Directions for this task ▸
The records are set out below this line. Return exactly the lines from the one containing "An illustration of" through the last, and exclude the pictures.

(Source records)
..............................

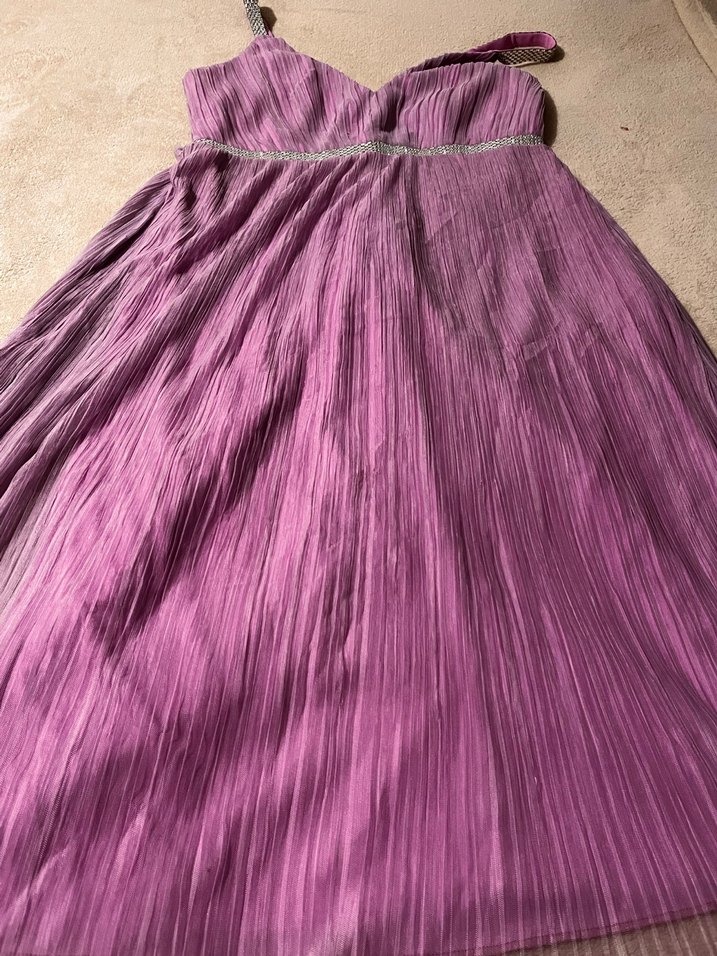 Piliseli Uzun Mor Abiye Elbise - Görsel 2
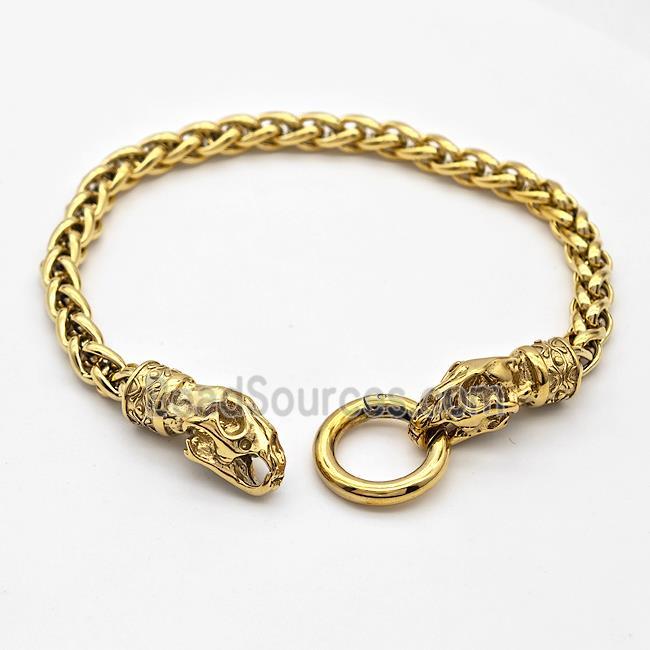 304 Stainless Steel Bracelet Skull Gold Plated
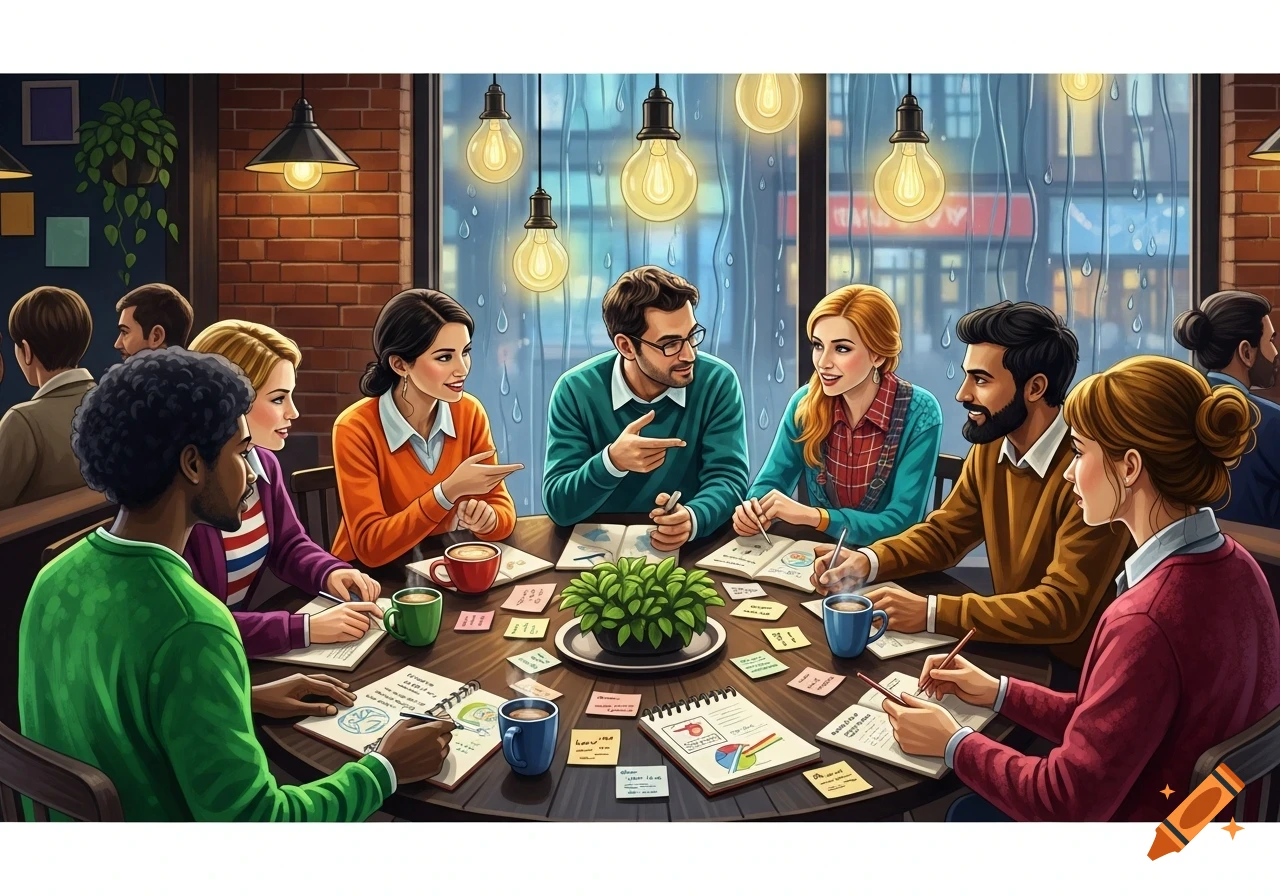 An illustration of a diverse group of people meeting around a table in a cafe, taking notes and discussing.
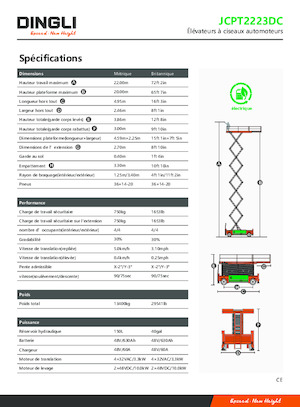Wheeled scissor lifts Dingli JCPT2223DC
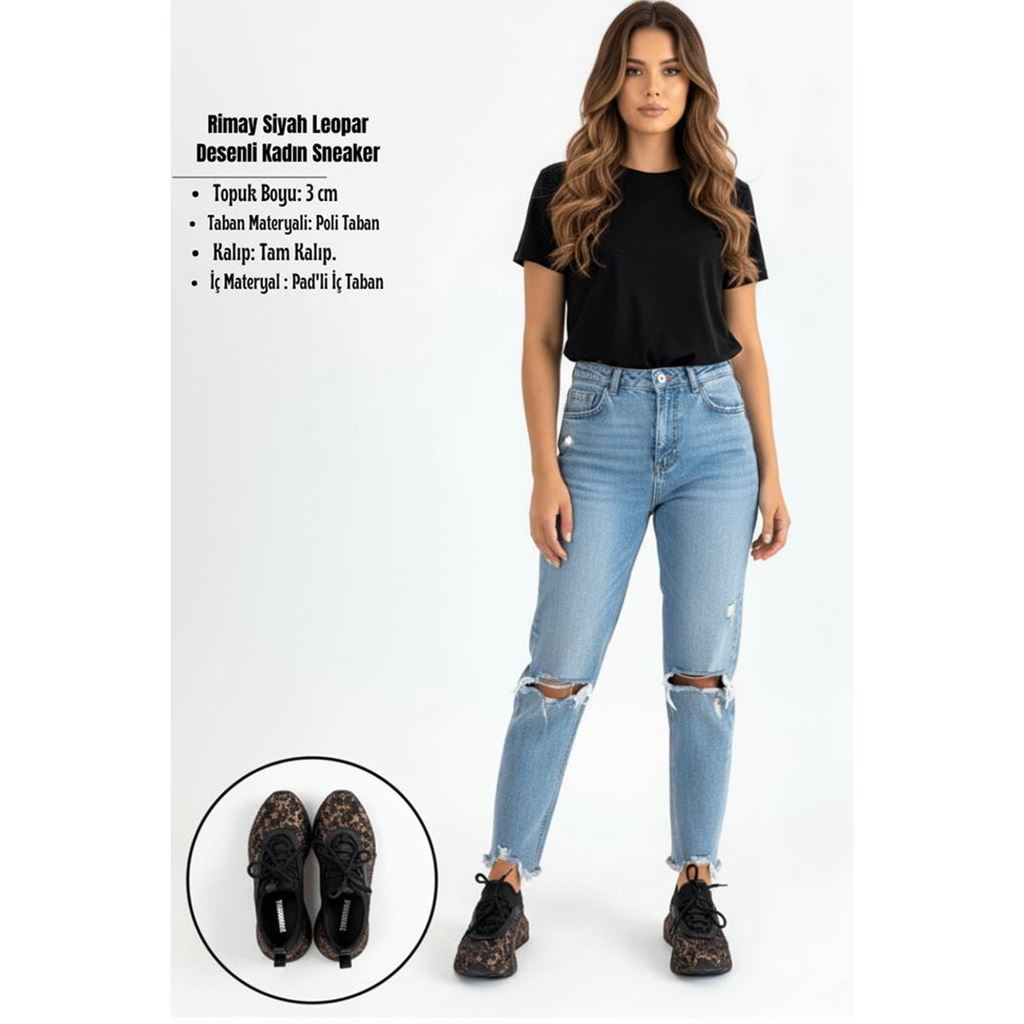 Rimay Siyah Leopar Desenli Taşlı Kalın Tabanlı Kadın Sneaker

..............................

Solution to the problem ▸
 An illustration of a diverse group of people meeting around a table in a cafe, taking notes and discussing.
Wheeled scissor lifts Dingli JCPT2223DC
 Rimay Siyah Leopar Desenli Taşlı Kalın Tabanlı Kadın Sneaker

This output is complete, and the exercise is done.